#### Exercise directions
Carry none of the pictures over; write out the complete data exactly.

Short text fragments from websites:
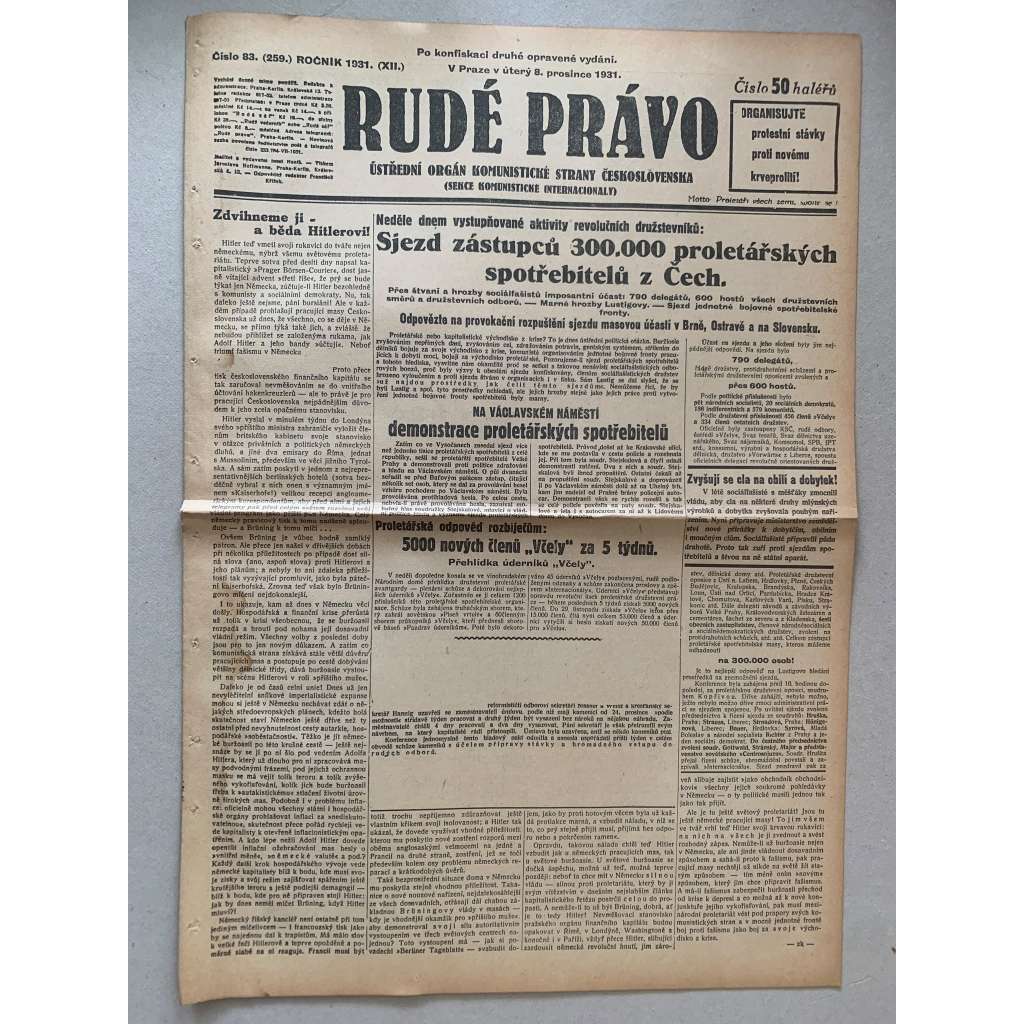 Rudé právo (8.12.1931) - 1. republika, staré noviny Rudé právo (8.12.1931) - 1. republika, staré noviny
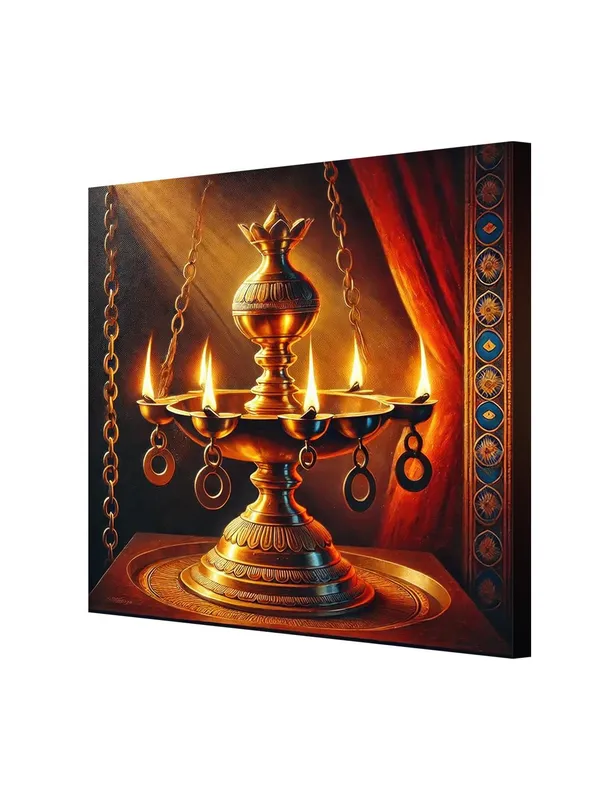 Sacred_Brass_Lamp:_A_Canvas_Painting_Capturing_the_Radiance_and_Tradition_of_an_Ornate_Flame-Lit_Lamp(FLP36X360304)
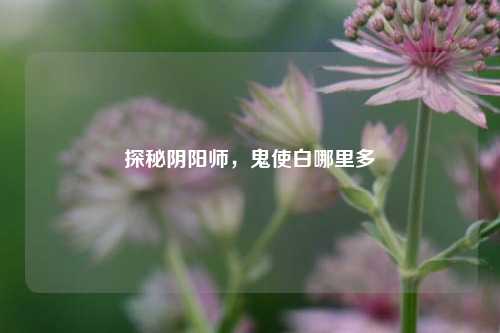 探秘阴阳师，鬼使白哪里多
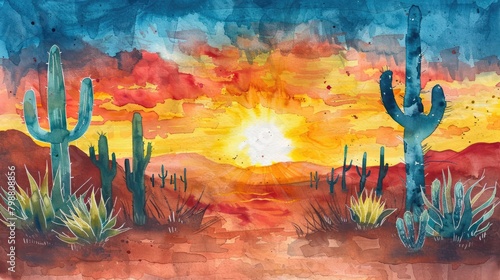 A watercolor painting of a desert sunset. There are cacti and other plants in the foreground, and a large sun is setting in the background.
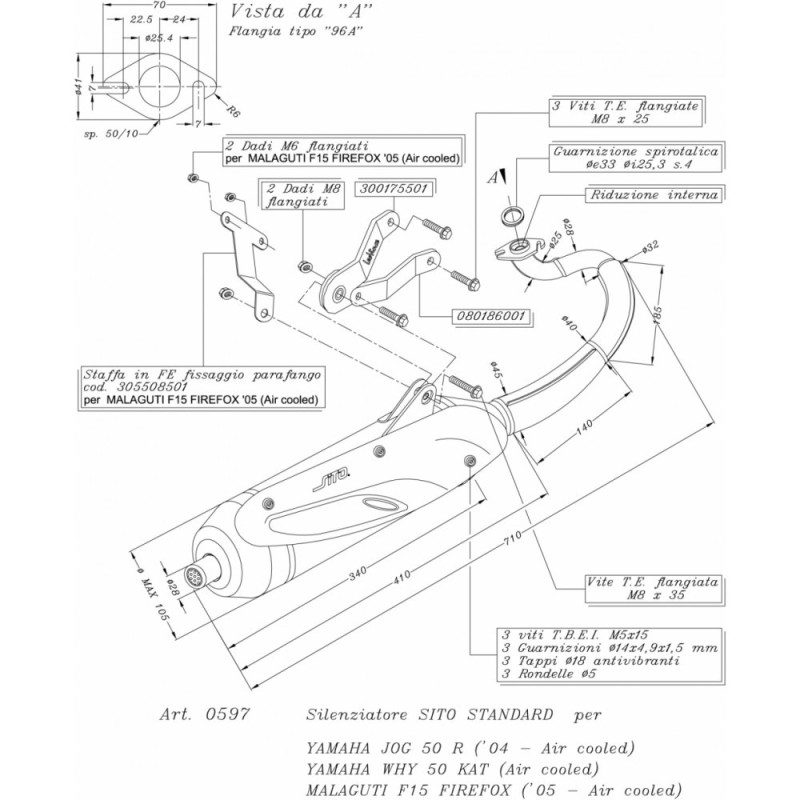 Escape completo LeoVince para Yamaha Jog R 50 13-14 en acero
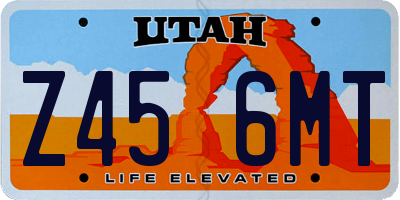 UT license plate Z456MT
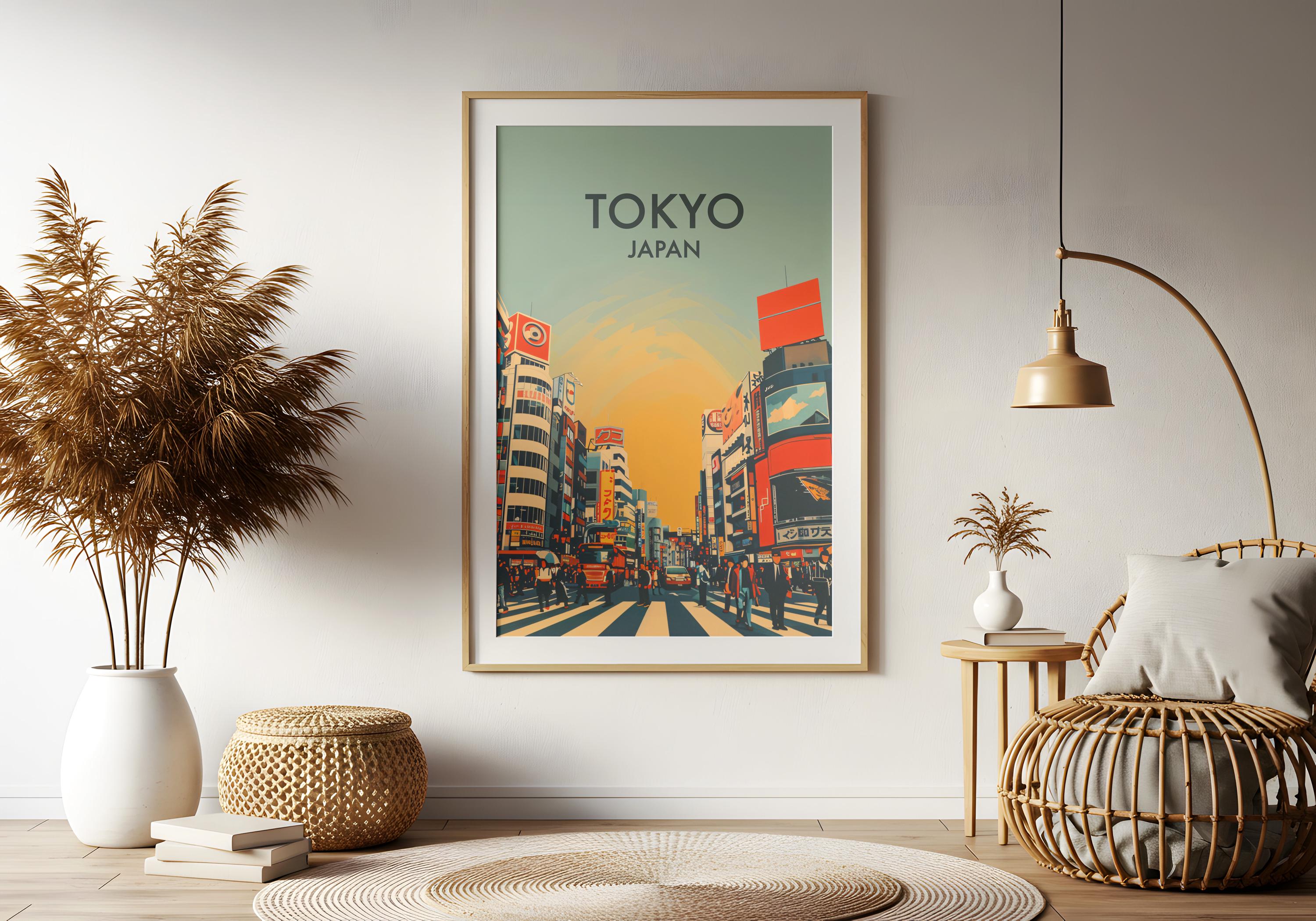 Tokyo Cityscape Poster: Retro Shibuya Crossing Japan Wall Art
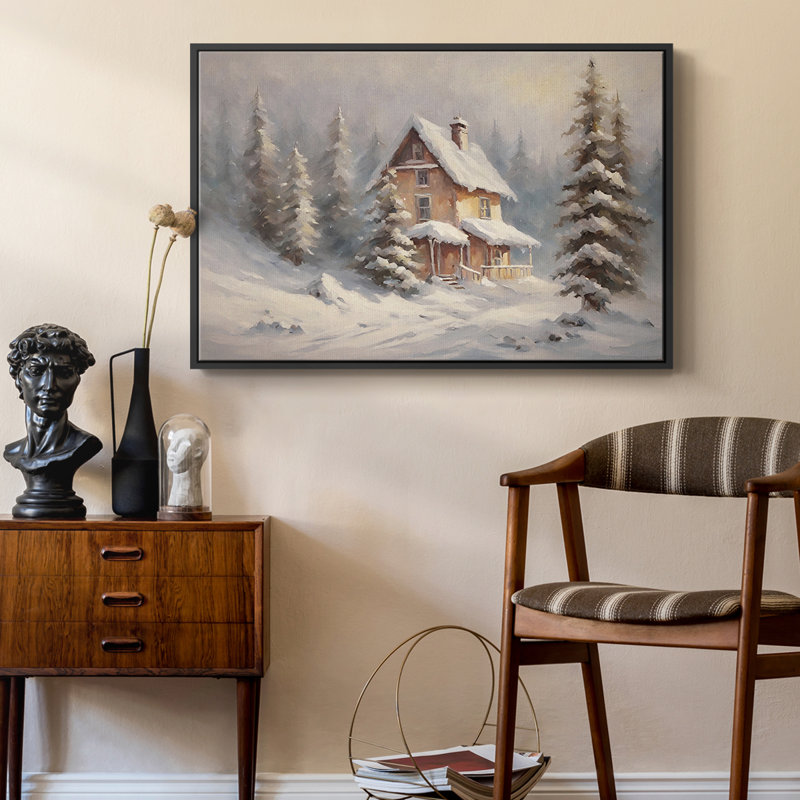 Paysage rétro CLCLV-III, Toile avec cadre flottant noir, H 17 po x l 25 po x P 2 po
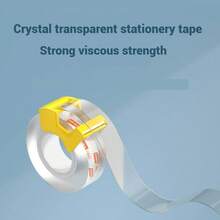 DELI 2 卷透明胶带，带分配器，透明胶带卷，办公胶带补充装，适用于办公桌、工艺品、礼品包装、文具、学校用品 - 無色 - 查看 6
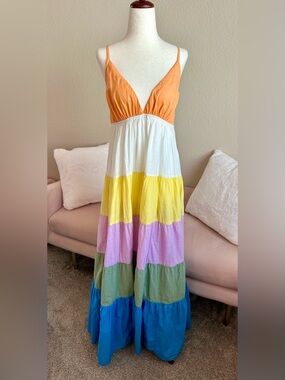 Roxy Honolulu Glow Maxi Dress Cotton Tiered Open-Back Beach Rainbow Womens Small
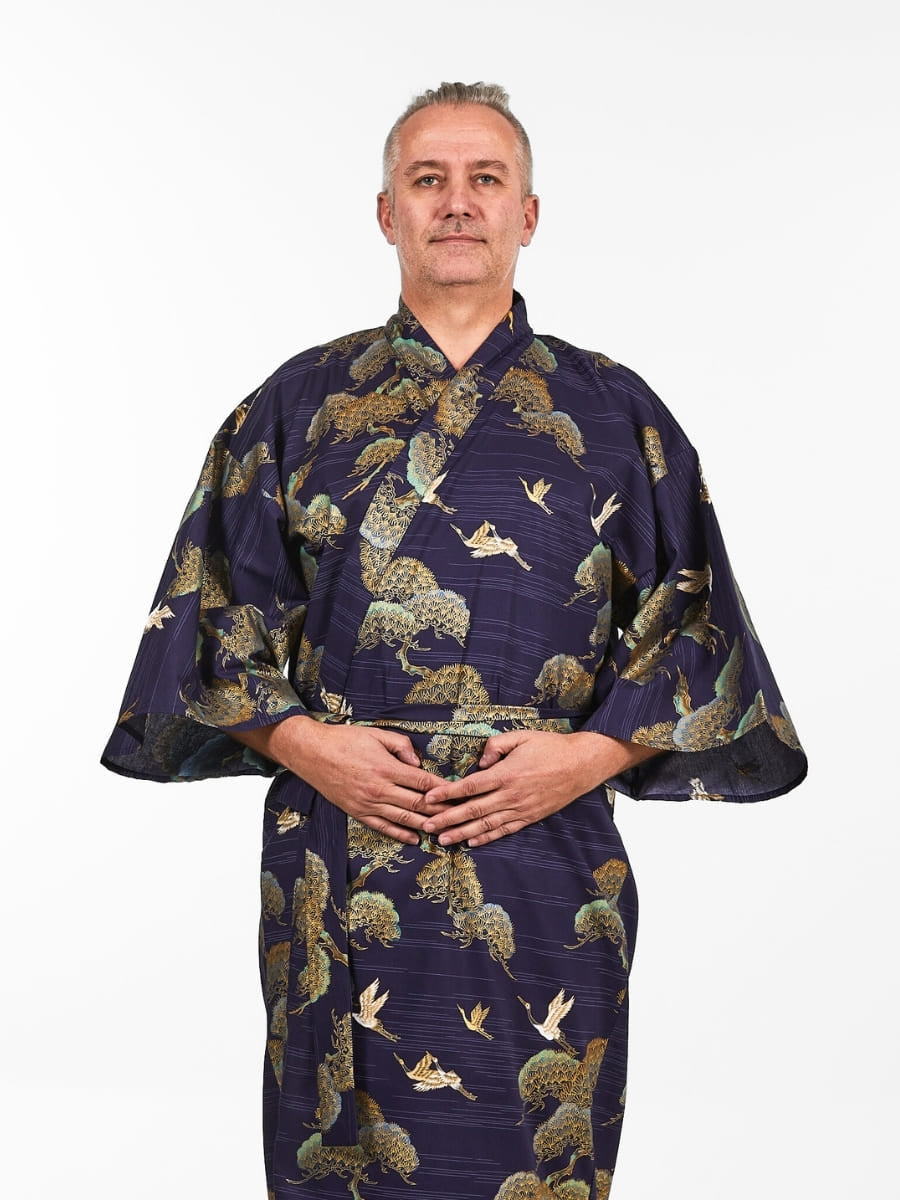 Kimono Homme Japonais Grue & Pin - Taille unique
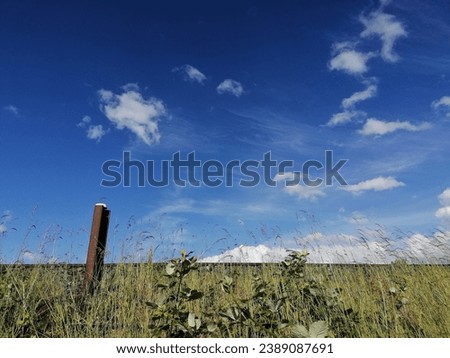 the picture shows a railway track with typical railway features. a blue sky with white clouds can be seen in the backround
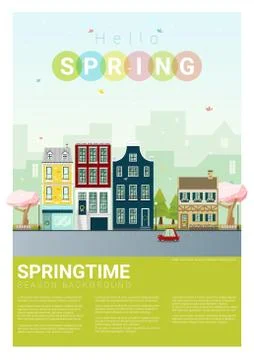 Hello spring cityscape background Stock Illustration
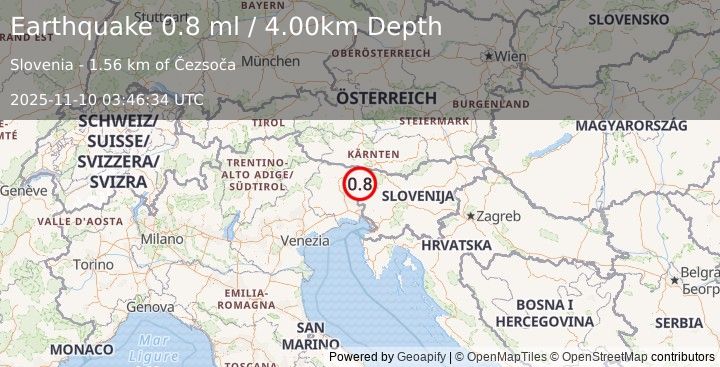 Earthquake SLOVENIA (0.8 ml) (2025-11-10 03:46:34 UTC)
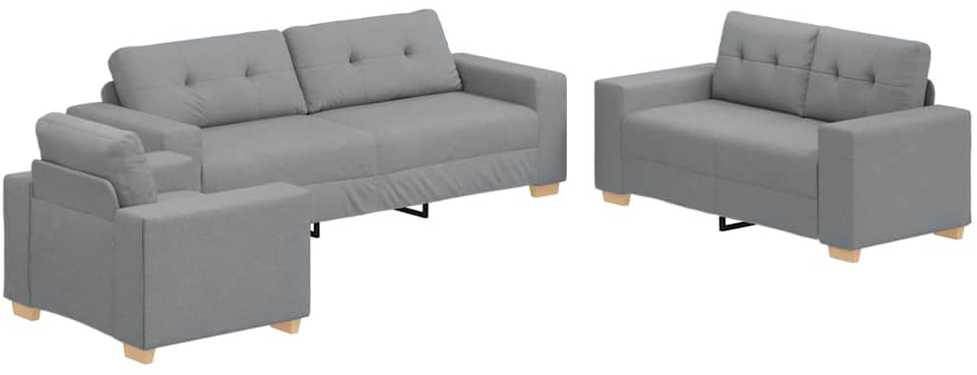 Sofa 3 pcs Šviesiai pilka 221 x 80 x 80 cm Lino mišinio audinys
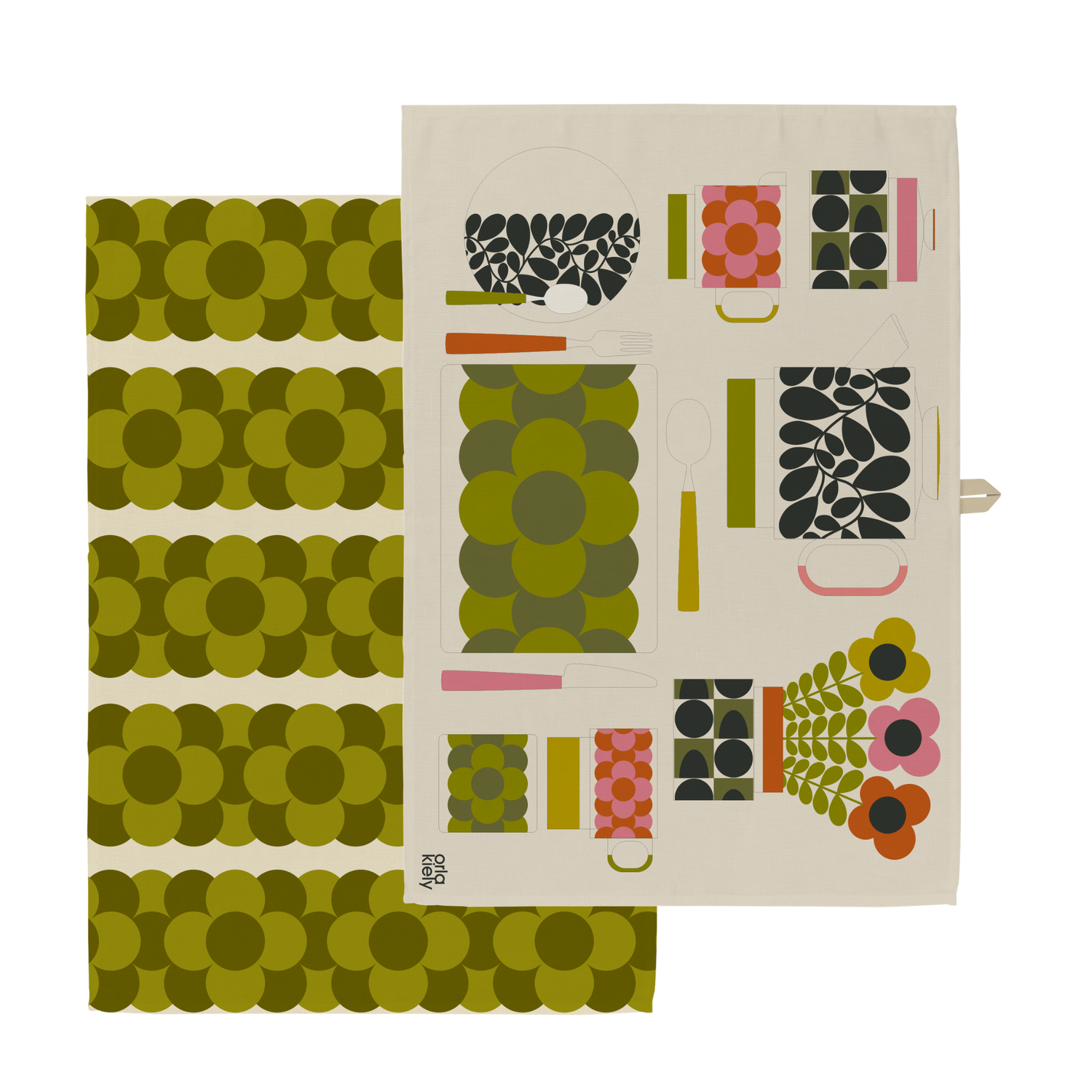 Orla Kiely Retro Stripe Set of 2 Tea Towels Green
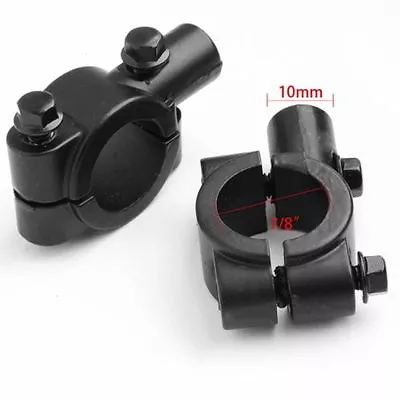 Universal Black Motorcycle Handlebar Mirror Mount 10mm 7/8  Aluminum Clamp • $12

#### Answer area
 Rudé právo (8.12.1931) - 1. republika, staré noviny Rudé právo (8.12.1931) - 1. republika, staré noviny
 Sacred_Brass_Lamp:_A_Canvas_Painting_Capturing_the_Radiance_and_Tradition_of_an_Ornate_Flame-Lit_Lamp(FLP36X360304)
 探秘阴阳师，鬼使白哪里多
 A watercolor painting of a desert sunset. There are cacti and other plants in the foreground, and a large sun is setting in the background.
 Escape completo LeoVince para Yamaha Jog R 50 13-14 en acero
 UT license plate Z456MT
 Tokyo Cityscape Poster: Retro Shibuya Crossing Japan Wall Art
 Paysage rétro CLCLV-III, Toile avec cadre flottant noir, H 17 po x l 25 po x P 2 po
 DELI 2 卷透明胶带，带分配器，透明胶带卷，办公胶带补充装，适用于办公桌、工艺品、礼品包装、文具、学校用品 - 無色 - 查看 6
 Roxy Honolulu Glow Maxi Dress Cotton Tiered Open-Back Beach Rainbow Womens Small
 Kimono Homme Japonais Grue & Pin - Taille unique
 the picture shows a railway track with typical railway features. a blue sky with white clouds can be seen in the backround
 Hello spring cityscape background Stock Illustration
 Earthquake SLOVENIA (0.8 ml) (2025-11-10 03:46:34 UTC)
 Sofa 3 pcs Šviesiai pilka 221 x 80 x 80 cm Lino mišinio audinys
 Orla Kiely Retro Stripe Set of 2 Tea Towels Green
 Universal Black Motorcycle Handlebar Mirror Mount 10mm 7/8  Aluminum Clamp • $12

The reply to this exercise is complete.